◆ Information ◆
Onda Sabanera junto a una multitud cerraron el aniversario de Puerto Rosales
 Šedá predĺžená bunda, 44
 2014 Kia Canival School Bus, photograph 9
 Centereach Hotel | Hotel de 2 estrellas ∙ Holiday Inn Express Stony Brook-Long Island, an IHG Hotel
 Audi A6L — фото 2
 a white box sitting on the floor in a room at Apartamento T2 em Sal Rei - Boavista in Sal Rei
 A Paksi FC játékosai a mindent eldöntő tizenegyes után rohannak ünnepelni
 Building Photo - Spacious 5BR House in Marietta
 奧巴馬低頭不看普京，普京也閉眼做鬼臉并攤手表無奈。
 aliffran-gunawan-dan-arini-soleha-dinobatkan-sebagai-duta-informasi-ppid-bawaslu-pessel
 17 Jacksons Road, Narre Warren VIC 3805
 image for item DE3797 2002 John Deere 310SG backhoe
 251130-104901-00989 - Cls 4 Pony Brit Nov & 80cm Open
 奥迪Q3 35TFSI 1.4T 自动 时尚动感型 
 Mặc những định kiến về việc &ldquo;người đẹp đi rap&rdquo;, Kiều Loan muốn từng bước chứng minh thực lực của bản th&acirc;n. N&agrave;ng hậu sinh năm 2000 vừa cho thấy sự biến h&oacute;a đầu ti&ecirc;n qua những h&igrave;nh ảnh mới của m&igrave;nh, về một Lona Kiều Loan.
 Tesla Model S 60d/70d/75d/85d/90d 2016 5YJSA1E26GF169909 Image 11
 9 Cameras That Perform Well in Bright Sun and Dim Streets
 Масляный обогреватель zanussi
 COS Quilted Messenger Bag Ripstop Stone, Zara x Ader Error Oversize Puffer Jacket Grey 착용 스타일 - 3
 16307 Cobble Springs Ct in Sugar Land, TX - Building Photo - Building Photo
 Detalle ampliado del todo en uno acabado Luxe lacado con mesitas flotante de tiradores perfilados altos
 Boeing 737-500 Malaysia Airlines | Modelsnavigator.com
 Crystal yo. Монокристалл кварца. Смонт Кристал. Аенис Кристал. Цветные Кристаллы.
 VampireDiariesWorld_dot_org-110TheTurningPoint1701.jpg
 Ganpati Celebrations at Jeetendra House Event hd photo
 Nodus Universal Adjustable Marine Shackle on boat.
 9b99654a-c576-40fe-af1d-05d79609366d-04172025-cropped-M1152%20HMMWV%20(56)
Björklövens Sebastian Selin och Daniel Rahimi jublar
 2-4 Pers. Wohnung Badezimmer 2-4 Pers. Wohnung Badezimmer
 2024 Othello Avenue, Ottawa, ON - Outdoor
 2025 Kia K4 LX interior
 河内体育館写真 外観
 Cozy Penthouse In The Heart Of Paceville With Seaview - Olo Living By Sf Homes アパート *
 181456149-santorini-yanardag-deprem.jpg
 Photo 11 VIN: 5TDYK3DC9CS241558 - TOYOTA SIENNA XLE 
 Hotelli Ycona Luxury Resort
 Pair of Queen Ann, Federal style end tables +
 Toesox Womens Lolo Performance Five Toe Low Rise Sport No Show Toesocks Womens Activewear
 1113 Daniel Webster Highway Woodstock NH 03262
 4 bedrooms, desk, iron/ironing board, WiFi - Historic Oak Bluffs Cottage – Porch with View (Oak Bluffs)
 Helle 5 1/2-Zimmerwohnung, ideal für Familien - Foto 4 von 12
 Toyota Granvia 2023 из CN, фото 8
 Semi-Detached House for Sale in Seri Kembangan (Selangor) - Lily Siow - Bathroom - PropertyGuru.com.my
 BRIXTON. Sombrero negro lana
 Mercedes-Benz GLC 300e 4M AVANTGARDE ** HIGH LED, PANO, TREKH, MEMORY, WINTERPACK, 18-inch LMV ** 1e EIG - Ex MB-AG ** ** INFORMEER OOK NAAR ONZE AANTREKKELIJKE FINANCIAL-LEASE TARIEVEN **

◆ Required action ◆
Write out every record, exactly as written.

◆ Solution to the exercise ◆
Onda Sabanera junto a una multitud cerraron el aniversario de Puerto Rosales
 Šedá predĺžená bunda, 44
 2014 Kia Canival School Bus, photograph 9
 Centereach Hotel | Hotel de 2 estrellas ∙ Holiday Inn Express Stony Brook-Long Island, an IHG Hotel
 Audi A6L — фото 2
 a white box sitting on the floor in a room at Apartamento T2 em Sal Rei - Boavista in Sal Rei
 A Paksi FC játékosai a mindent eldöntő tizenegyes után rohannak ünnepelni
 Building Photo - Spacious 5BR House in Marietta
 奧巴馬低頭不看普京，普京也閉眼做鬼臉并攤手表無奈。
 aliffran-gunawan-dan-arini-soleha-dinobatkan-sebagai-duta-informasi-ppid-bawaslu-pessel
 17 Jacksons Road, Narre Warren VIC 3805
 image for item DE3797 2002 John Deere 310SG backhoe
 251130-104901-00989 - Cls 4 Pony Brit Nov & 80cm Open
 奥迪Q3 35TFSI 1.4T 自动 时尚动感型 
 Mặc những định kiến về việc &ldquo;người đẹp đi rap&rdquo;, Kiều Loan muốn từng bước chứng minh thực lực của bản th&acirc;n. N&agrave;ng hậu sinh năm 2000 vừa cho thấy sự biến h&oacute;a đầu ti&ecirc;n qua những h&igrave;nh ảnh mới của m&igrave;nh, về một Lona Kiều Loan.
 Tesla Model S 60d/70d/75d/85d/90d 2016 5YJSA1E26GF169909 Image 11
 9 Cameras That Perform Well in Bright Sun and Dim Streets
 Масляный обогреватель zanussi
 COS Quilted Messenger Bag Ripstop Stone, Zara x Ader Error Oversize Puffer Jacket Grey 착용 스타일 - 3
 16307 Cobble Springs Ct in Sugar Land, TX - Building Photo - Building Photo
 Detalle ampliado del todo en uno acabado Luxe lacado con mesitas flotante de tiradores perfilados altos
 Boeing 737-500 Malaysia Airlines | Modelsnavigator.com
 Crystal yo. Монокристалл кварца. Смонт Кристал. Аенис Кристал. Цветные Кристаллы.
 VampireDiariesWorld_dot_org-110TheTurningPoint1701.jpg
 Ganpati Celebrations at Jeetendra House Event hd photo
 Nodus Universal Adjustable Marine Shackle on boat.
 9b99654a-c576-40fe-af1d-05d79609366d-04172025-cropped-M1152%20HMMWV%20(56)
Björklövens Sebastian Selin och Daniel Rahimi jublar
 2-4 Pers. Wohnung Badezimmer 2-4 Pers. Wohnung Badezimmer
 2024 Othello Avenue, Ottawa, ON - Outdoor
 2025 Kia K4 LX interior
 河内体育館写真 外観
 Cozy Penthouse In The Heart Of Paceville With Seaview - Olo Living By Sf Homes アパート *
 181456149-santorini-yanardag-deprem.jpg
 Photo 11 VIN: 5TDYK3DC9CS241558 - TOYOTA SIENNA XLE 
 Hotelli Ycona Luxury Resort
 Pair of Queen Ann, Federal style end tables +
 Toesox Womens Lolo Performance Five Toe Low Rise Sport No Show Toesocks Womens Activewear
 1113 Daniel Webster Highway Woodstock NH 03262
 4 bedrooms, desk, iron/ironing board, WiFi - Historic Oak Bluffs Cottage – Porch with View (Oak Bluffs)
 Helle 5 1/2-Zimmerwohnung, ideal für Familien - Foto 4 von 12
 Toyota Granvia 2023 из CN, фото 8
 Semi-Detached House for Sale in Seri Kembangan (Selangor) - Lily Siow - Bathroom - PropertyGuru.com.my
 BRIXTON. Sombrero negro lana
 Mercedes-Benz GLC 300e 4M AVANTGARDE ** HIGH LED, PANO, TREKH, MEMORY, WINTERPACK, 18-inch LMV ** 1e EIG - Ex MB-AG ** ** INFORMEER OOK NAAR ONZE AANTREKKELIJKE FINANCIAL-LEASE TARIEVEN **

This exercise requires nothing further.